SELECT b.employee_id, a.team_size
FROM
(SELECT team_id, COUNT(employee_id) AS team_size
FROM employee
GROUP BY team_id) AS a
RIGHT JOIN employee AS b
ON a.team_id = b.team_id
;
14. Triangle Judgement
A pupil Tim gets homework to identify whether three line segments could possibly form a triangle. However, this assignment is very heavy because there are hundreds of records to calculate.Could you help Tim by writing a query to judge whether these three sides can form a triangle, assuming table triangle holds the length of the three sides x, y and z.
| x | y | z |
|----|----|----|
| 13 | 15 | 30 |
| 10 | 20 | 15 |
SELECT
x, y, z,
CASE WHEN x+y>z AND x+z>y AND y+z>x THEN 'Yes' ELSE 'No' END AS triangle
FROM triangle
;
15. Swap Salary(该题型属于update,很少考)
16. Immediate Food Delivery I
Table: Delivery
+-----------------------------+---------+
| Column Name | Type |
+-----------------------------+---------+
| delivery_id | int |
| customer_id | int |
| order_date | date |
| customer_pref_delivery_date | date |
+-----------------------------+---------+
delivery_id is the primary key of this table.
The table holds information about food delivery to customers that make orders at some date and specify a preferred delivery date (on the same order date or after it).
If the preferred delivery date of the customer is the same as the order date then the order is called immediate otherwise it's called scheduled.
Write an SQL query to find the percentage of immediate orders in the table,rounded to 2 decimal places.
SELECT
ROUND(IFNULL((SELECT COUNT(delivery_id)
FROM delivery
WHERE order_date = customer_pref_delivery_date)
/ (SELECT COUNT(delivery_id) FROM delivery)*100, 0), 2) AS immediate_percentage
;
这道题需要注意,在求百分比的时候,最好直接把结果乘100。
17. List the Products Ordered in a Period
Table: Products
+------------------+---------+
| Column Name | Type |
+------------------+---------+
| product_id | int |
| product_name | varchar |
| product_category | varchar |
+------------------+---------+
product_id is the primary key for this table.

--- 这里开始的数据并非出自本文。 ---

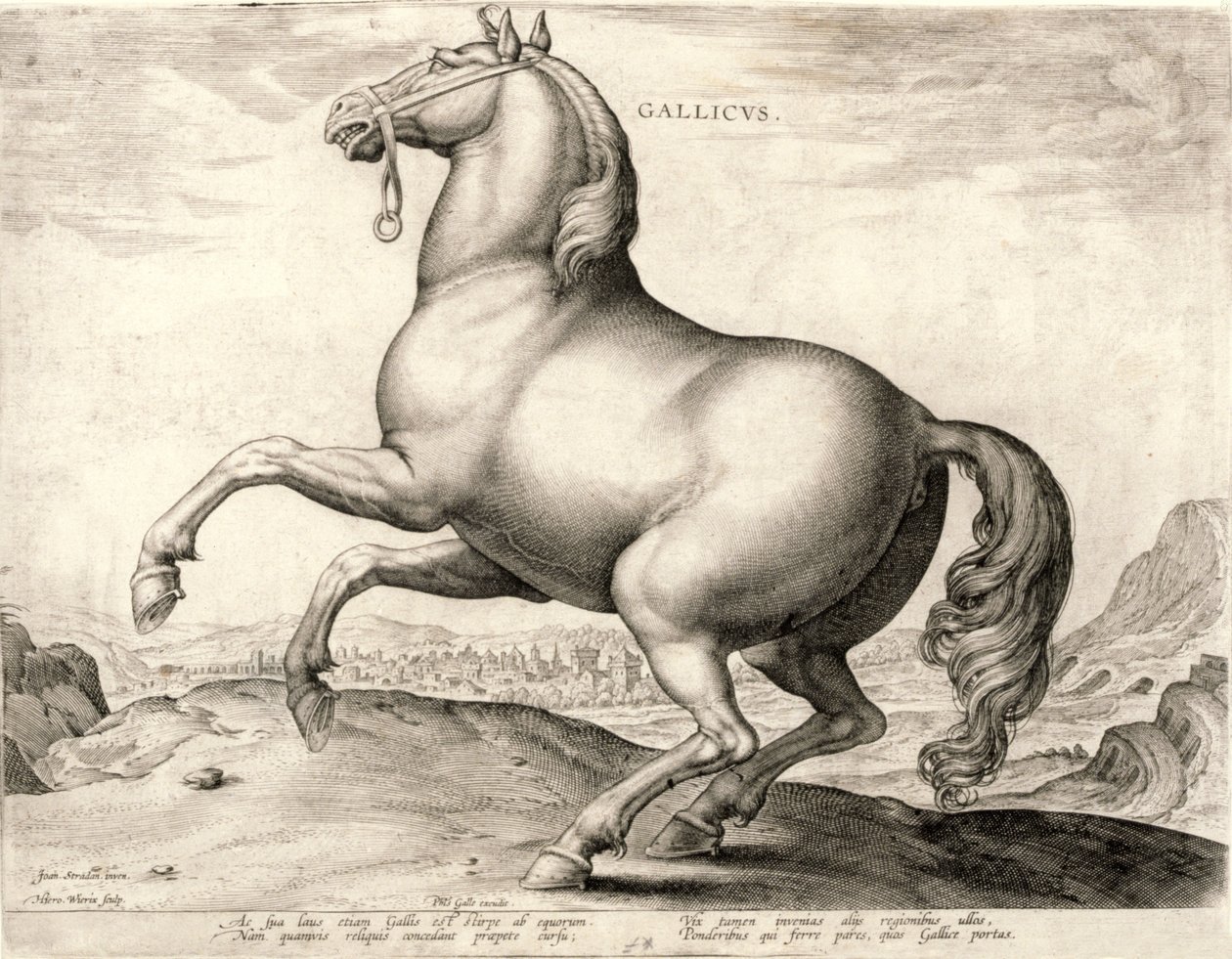 Gallicus a Lovak sorozatból az osztrák Don Juan istállójából (metszet a szövésre) alkotó: Hieronymus or Jerome Wierix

This table contains data about the company's products.
Table: Orders
+---------------+---------+
| Column Name | Type |
+---------------+---------+
| product_id | int |
| order_date | date |
| unit | int |
+---------------+---------+
There is no primary key for this table. It may have duplicate rows. product_id is a foreign key to Products table. unit is the number of products ordered in order_date.
Write an SQL query to get the names of products with greater than or equal to 100 units ordered in February 2020 and their amount. Return result table in any order.
SELECT b.product_name, a.unit
FROM
(SELECT product_id, SUM(unit) AS unit
FROM orders
WHERE order_date LIKE '%2020-02%'
GROUP BY product_id) AS a
LEFT JOIN products AS b
ON a.product_id = b.product_id
HAVING unit >= 100
;
有的时候我们会很容易忘记最后的限制条件,记住要加上。
18. Sales Analysis II
Table:Product
+--------------+---------+
| Column Name | Type |
+--------------+---------+
| product_id | int |
| product_name | varchar |
| unit_price | int |
+--------------+---------+
product_id is the primary key of this table.
Table:Sales
+-------------+---------+
| Column Name | Type |
+-------------+---------+
| seller_id | int |
| product_id | int |
| buyer_id | int |
| sale_date | date |
| quantity | int |
| price | int |
+------ ------+---------+
This table has no primary key, it can have repeated rows, product_id is a foreign key to Product table.
Write an SQL query that reports the buyers who have bought S8 but not iPhone. Note that S8and iPhone are products present in the Product table.
WITH temp AS
(SELECT a.buyer_id, GROUP_CONCAT(a.product_name) AS product
FROM
(SELECT b.product_name, a.buyer_id
FROM sales AS a
LEFT JOIN product AS b
ON a.product_id = b.product_id) AS a
GROUP BY a.buyer_id)
SELECT DISTINCT buyer_id FROM temp WHERE product LIKE '%S8%' AND product NOT LIKE '%iPhone%'
;
在这个solution中,需要注意的是,如果最后只输出一个column的话,最好是加上distinct,防止出错。